Cumartesi Anneleri İnsan Hakları Derneği İstanbul Şubesi Gözaltında Kayıplara Karşı Komisyon tarafından bir açıklama yapıldı.
TÜRKER DEMİRCİ
Gözaltında Kayıplara Karşı Mücadele Haftası’nın açılış VİDEOSU İÇİN TIKLAYINIZ
17-31 Mayıs Uluslararası Gözaltında Kayıplara Karşı Mücadele Haftası’nın açılışı nedeniyle Cumartesi Anneleri İnsan Hakları Derneği İstanbul Şubesi Gözaltında Kayıplara Karşı Komisyon tarafından yapılan açıklamada şöyle denildi:
17-31 Mayıs Uluslararası Gözaltında Kayıplara Karşı Mücadele Haftası’nın açılışı vesilesi ile gerçekleştirdiğimiz bu açıklamamıza; “hakikat ve adalet arayışımız, son kayıp bulunana, son fail cezalandırılana kadar devam edecek” diyerek başlıyoruz.
Bu yıl corona salgını nedeniyle ağırlıklı olarak sosyal medya üzerinden gerçekleştireceğimiz bir dizi hafta etkinliği ile; uluslararası hukukta insanlığa karşı suç olarak tanımlanan gözaltında kaybetme suçuna, bu suçun işlenmesine imkan yaratan cezasızlık politikalarına, gizlenmeye çalışılan gerçeklere ve bu insanlığa karşı suçun önlenmesi için mücadelenin önemine dikkat çekmeye çalışacağız.
Bilindiği üzere gözaltında kaybetme suçu, despot rejimlerin iş başında olduğu dünyanın pek çok ülkesinde; topluma korku salma, muhalifleri susturma yöntemi olarak yaygın bir biçimde uygulandı.

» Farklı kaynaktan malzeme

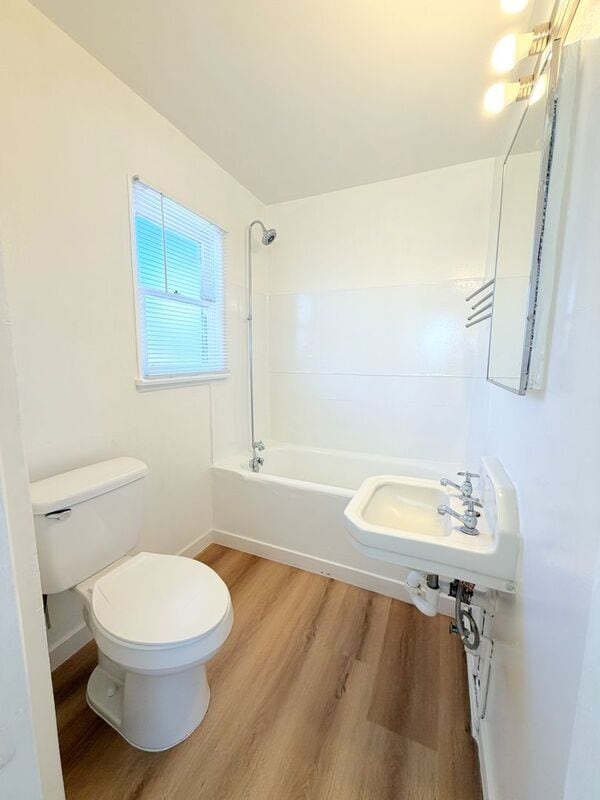 Building Photo - 1732 Cabrillo Ave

Yaşadığımız coğrafyada ise aynı neden ve benzer yöntemlerle yüzlerce insan evlerinden, işyerlerinden, tarlalarından,otomobillerinden ,kafelerden, otobüs duraklarından, otobüslerden devletin güvenlik güçlerince gözaltına alındılar ve bir daha geri dönemediler.
Cumartesi Anneleri 2011 yılında dönemin başbakanı Erdoğan tarafından davet edilip kendilerine “sorununuz kabinemin sorunudur” denilse de gözaltında kaybetme pratiğine dair yüzleşme ve hesaplaşma iradesi bugüne kadar gösterilmedi. Kısacası bu topraklarda inkar ve cezasızlık politikaları, iktidarlar değişse de Türkiye’nin temel gerçeği olarak devam etti.

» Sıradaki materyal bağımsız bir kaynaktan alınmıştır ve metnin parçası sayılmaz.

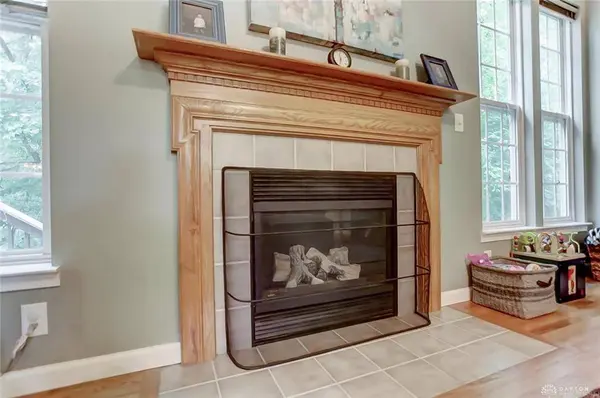 1872 Olde Haley Drive, Centerville, OH 45458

Kayıp yakınları ve İnsan hakları savunucuları olarak Gözaltında Kayıplar Haftası vesilesi ile bir kez daha Devleti yönetenlere sesleniyoruz; devletlere gözaltında kaybetmelerin önlenmesi ve geçmişte yaşanan kaybetmelere dair hakikat ve adalete erişimin sağlanması sorumluluğu getiren BM Bütün Kişilerin Zorla Kaybedilmeden Korunmasına Dair Uluslararası Sözleşme’yi derhal imzalayın ve uygulayın.
Gözaltında kaybetmelerin yaygın bir devlet terörü olarak uygulandığı Türkiye’nin, BM Kayıplar Sözleşmesi’ne taraf olmasının, kayıp vakalarının açığa çıkartılması ve faillerin yargılanması için bir başlangıç oluşturacağını biliyor ve bu talebimizde ısrar ediyoruz.
Geçmişle hesaplaşmanın ve ülkede adaleti sağlamanın ilk ve en önemli adımı olarak gördüğümüz “Gözaltında kaybetme suçunun soruşturulması ve sorumlularının tespit edilerek adalet önüne çıkarılması” konusunda ısrarlı olmaya devam edeceğiz.
Kayıplarımızdan ve kayıplarımızla buluşma mekanımız olan Galatasaray Meydanından asla vazgeçmeyeceğiz.